Very little is known about them, even their number, which one study by the University of Reading puts at 30, while the British think tank Civitas estimates there are 85.

Sharia courts or councils, as they prefer to be called, mainly pronounce on Islamic divorces, which today constitute 90 percent of the cases they handle.

They range from groups of Muslim scholars attached to a mosque, to informal organizations or even a single imam.

But while they are aimed at helping resolve family and sometimes commercial conflicts within the Muslim community, some stand accused of undermining women’s rights.

Campaigners cite instances where courts have refused to grant religious divorces to women who are victims of domestic abuse, and accuse them of legitimizing violence, including marital rape.

The government and MPs on parliament’s home affairs committee both opened inquiries this year into whether the councils are actually compatible with British law.

They are looking into the function and possible discriminatory practices of the courts.

The first sharia court appeared in London in 1982 under the government of Margaret Thatcher, who rolled back state intervention in many areas, including mediation in family conflicts, which was delegated to faith groups.

But religious courts have existed for hundreds of years in Britain, whether in the Catholic Church or in the Jewish community–the Beth Din–notes Amin Al-Astewani, lecturer in law at Lancaster University.

As with sharia councils, the decisions of those bodies are not legally binding, but they represent a strong moral and social constraint for those who use them, he wrote in a submission to the parliamentary inquiry.

For Shaista Gohir, the chair of Muslim Women’s Network UK who gave evidence to the parliamentary inquiry, sharia councils are useful for Muslims but should be framed by a ‘strong code of conduct’.

She also urged the government to make civil marriage obligatory for couples marrying under Islamic law, to ensure women are legally protected, saying that 40 percent of women who contact her organization only had religious marriages.

But for other Muslim feminists, the courts constitute a ‘parallel legal system’ and should be banned altogether.

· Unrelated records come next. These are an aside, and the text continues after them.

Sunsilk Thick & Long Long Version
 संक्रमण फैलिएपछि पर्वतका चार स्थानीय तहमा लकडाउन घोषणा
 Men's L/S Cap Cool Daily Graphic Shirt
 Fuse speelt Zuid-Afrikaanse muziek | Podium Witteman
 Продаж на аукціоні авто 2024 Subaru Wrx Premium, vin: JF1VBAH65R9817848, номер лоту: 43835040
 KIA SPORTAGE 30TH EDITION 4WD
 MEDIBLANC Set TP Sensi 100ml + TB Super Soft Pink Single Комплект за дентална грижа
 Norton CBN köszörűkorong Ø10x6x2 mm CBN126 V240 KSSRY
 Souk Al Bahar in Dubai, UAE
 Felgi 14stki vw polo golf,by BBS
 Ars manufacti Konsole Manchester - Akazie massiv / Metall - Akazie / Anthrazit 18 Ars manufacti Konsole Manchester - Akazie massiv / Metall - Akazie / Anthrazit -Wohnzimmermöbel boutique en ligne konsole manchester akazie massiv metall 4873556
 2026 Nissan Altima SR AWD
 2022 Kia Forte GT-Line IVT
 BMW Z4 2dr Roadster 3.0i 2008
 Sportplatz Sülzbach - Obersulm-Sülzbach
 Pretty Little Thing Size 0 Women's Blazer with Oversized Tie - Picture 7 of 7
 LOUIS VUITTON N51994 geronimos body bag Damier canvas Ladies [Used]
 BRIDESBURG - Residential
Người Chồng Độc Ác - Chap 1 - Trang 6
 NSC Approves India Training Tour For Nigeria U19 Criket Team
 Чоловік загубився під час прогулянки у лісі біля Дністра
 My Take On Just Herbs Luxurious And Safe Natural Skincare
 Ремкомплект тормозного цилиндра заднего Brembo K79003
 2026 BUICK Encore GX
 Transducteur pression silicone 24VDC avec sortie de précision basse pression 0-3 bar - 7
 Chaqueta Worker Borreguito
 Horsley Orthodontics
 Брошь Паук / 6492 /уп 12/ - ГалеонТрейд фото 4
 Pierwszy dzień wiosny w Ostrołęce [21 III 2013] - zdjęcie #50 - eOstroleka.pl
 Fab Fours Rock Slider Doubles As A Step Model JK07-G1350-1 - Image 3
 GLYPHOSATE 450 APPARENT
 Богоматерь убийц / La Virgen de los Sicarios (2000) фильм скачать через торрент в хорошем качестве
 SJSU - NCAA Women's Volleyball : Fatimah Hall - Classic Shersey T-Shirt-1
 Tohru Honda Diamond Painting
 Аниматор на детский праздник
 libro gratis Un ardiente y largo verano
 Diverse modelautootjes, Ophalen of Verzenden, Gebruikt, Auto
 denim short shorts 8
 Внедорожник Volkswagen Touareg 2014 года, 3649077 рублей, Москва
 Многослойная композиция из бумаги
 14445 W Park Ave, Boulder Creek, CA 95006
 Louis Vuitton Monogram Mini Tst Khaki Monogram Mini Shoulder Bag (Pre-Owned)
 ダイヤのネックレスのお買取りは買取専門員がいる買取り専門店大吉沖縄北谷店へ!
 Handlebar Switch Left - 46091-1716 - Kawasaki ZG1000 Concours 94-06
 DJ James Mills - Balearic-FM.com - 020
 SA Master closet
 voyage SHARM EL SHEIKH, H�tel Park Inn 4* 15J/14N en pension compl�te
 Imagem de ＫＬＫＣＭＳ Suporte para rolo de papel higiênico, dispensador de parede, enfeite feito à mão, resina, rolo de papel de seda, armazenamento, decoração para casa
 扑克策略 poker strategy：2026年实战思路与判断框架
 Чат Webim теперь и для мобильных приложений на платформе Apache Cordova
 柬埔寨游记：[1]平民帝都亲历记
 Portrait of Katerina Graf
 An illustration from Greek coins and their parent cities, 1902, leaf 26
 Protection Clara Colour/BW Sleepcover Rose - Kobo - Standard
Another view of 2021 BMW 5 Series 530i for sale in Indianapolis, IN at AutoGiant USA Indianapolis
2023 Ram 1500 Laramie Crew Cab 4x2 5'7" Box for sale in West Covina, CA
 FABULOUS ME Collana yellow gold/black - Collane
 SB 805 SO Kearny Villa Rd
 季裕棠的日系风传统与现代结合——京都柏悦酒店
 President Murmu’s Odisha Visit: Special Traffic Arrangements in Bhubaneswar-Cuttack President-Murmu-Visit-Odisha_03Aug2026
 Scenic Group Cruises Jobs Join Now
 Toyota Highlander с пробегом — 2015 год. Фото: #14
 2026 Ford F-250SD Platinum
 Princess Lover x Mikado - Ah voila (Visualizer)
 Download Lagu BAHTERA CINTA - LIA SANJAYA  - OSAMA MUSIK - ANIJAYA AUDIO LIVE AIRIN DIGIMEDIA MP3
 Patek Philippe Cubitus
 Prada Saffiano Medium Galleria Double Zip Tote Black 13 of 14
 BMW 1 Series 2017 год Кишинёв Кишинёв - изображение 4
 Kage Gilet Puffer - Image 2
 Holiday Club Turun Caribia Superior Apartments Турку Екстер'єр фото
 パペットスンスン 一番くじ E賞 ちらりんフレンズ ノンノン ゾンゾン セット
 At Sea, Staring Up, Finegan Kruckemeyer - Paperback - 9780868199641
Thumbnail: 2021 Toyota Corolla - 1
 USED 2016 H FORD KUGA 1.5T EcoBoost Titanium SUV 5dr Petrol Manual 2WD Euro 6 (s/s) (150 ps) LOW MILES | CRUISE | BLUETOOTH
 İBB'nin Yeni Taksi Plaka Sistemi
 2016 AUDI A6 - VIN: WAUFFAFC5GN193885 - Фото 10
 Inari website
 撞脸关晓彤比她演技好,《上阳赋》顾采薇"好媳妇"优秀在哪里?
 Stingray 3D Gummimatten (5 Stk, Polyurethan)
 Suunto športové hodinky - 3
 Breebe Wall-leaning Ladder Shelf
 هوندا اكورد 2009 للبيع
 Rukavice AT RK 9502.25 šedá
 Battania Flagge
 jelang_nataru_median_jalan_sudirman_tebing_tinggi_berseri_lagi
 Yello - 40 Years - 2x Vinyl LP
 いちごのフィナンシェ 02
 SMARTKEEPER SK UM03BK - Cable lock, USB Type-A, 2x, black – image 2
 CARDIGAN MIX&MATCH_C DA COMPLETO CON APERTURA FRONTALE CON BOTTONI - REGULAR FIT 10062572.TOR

An open letter to this effect was signed by more than 200 national and international women’s organizations, while legislation which would limit the scope of sharia councils has been put forward by a member of the House of Lords.

‘They are discriminatory, they are abusive, they endorse and legitimise violence,’ in particular marital rape, Maryam Namazie, spokeswoman for the One Law for All campaign, told AFP.

She added: ‘These courts are linked to the rise of the Islamist movement. They are now saying that to be a good Muslim you have to go to these courts to get a divorce. It’s not the case.’

Swiss political commentator Elham Manea, the author of Women and Sharia Law, who has studied the phenomenon for four years, said the first councils were set up by Islamist groups.

‘They have been working with a kind of a tacit approval of British establishment,’ she told AFP.

‘There is a certain kind of hesitancy from British institutions to interfere in what they consider is internal affair to the Muslim community.’

It remains to be seen whether the inquiries will change that situation, but they are already having some effect.

The London Central Mosque is attempting to organize the tribunals by bringing them under an umbrella group, the UK Board of Sharia Councils, which currently has 15 members.